The fully segmented and preprocess data will be within the preprocessed folders like rocky_mountain_snowpack/preprocessed/magnified_profiles. Labels for each image can be found within the JSONL files found in the metadata folder (i.e. rocky_mountain_snowpack/metadata/preprocessed.jsonl). Each image is attached spatially and temporally to the other images, especially across the datatypes cores, magnified profiles, and profiles.

This dataset was collected with a method that allows you to related each image within the dataset to all the other images in the dataset, alongside environmental features like world outside of the image! Each image is attached to a specific time and location, alongsige it's location in the snowpack, allowing you to relate important timeseries to the data such as temperature, snowfall, or avalanch risk predictions from the Colorado Avalanche Information Center. Alongside this a rich amount of other data is collected at each site to create a comprehensive labeling of each image.

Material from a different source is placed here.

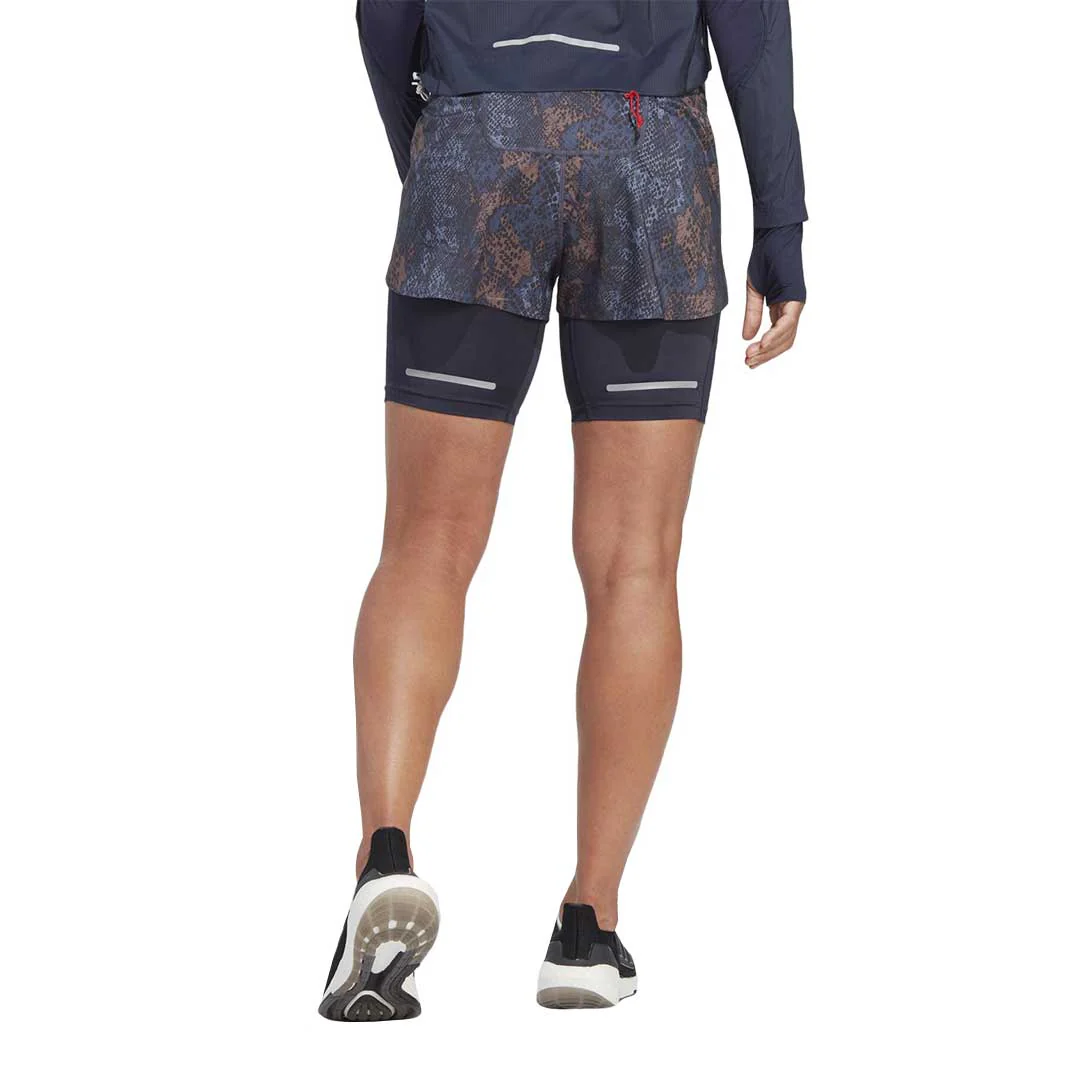 adidas - Women's Run Fast 2-In-1 Shorts (HS8612) - Image 3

Example crystal card For example, the label for this crystal card indicates this image was collected from the 1st site, in the 1st column, in the 4th core, and we are picturing the 1st segment. If we looked at the label for the image we would see these same labels attached to the image in the metadata alongside the following information
  • Datatype
  • Avalanches spotted
  • Wind loading
  • Snowpack depth
  • Core depth
  • Slope face
  • Slope angle
  • Air temperature
  • Core temperature
Using this information we can train an AI to do so many things! So far as mentioned I've built two generative models to try and learn the features of the datatypes themselves, through generative AI.

Using these same pre-trained models, or your own model you've built from scratch, we could leverage machine learning to train all kinds of AI. Most importantly we could try and predict the avalanche risk, each image has a label for avalanches spotted nearby attached. If we trained an AI to predict this, then simply outputted the number of avalanches it could be a metric of avalanche activity.